Martingales and Submartingales¶

The Fair Game Principle¶

The martingale concept originated in gambling theory, where it described a betting strategy in which the gambler doubled their stake after each loss. The modern mathematical usage, however, captures a far more general idea: a fair game in which, on average, one neither gains nor loses given current information.

This seemingly simple principle—that the best prediction of the future is the present—has profound consequences. Martingale theory provides the mathematical language for understanding:

Why you cannot beat a fair casino in the long run
How to price financial derivatives
When iterative algorithms converge
What makes certain stochastic processes "noise" rather than "signal"

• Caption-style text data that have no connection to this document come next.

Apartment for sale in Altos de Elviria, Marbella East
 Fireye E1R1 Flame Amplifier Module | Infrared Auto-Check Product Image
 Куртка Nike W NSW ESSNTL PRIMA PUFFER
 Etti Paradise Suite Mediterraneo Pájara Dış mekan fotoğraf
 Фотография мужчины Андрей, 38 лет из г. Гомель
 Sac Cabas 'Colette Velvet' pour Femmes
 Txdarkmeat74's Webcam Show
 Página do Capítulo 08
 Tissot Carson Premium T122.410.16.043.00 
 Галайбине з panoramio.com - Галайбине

Conditional Expectation: The Foundation¶

Martingales are defined in terms of conditional expectation. The full treatment — Radon–Nikodym definition, geometric interpretation as \(L^2\) projection, and all key properties — appears in the companion document Conditional Expectation. We recall only the essentials here.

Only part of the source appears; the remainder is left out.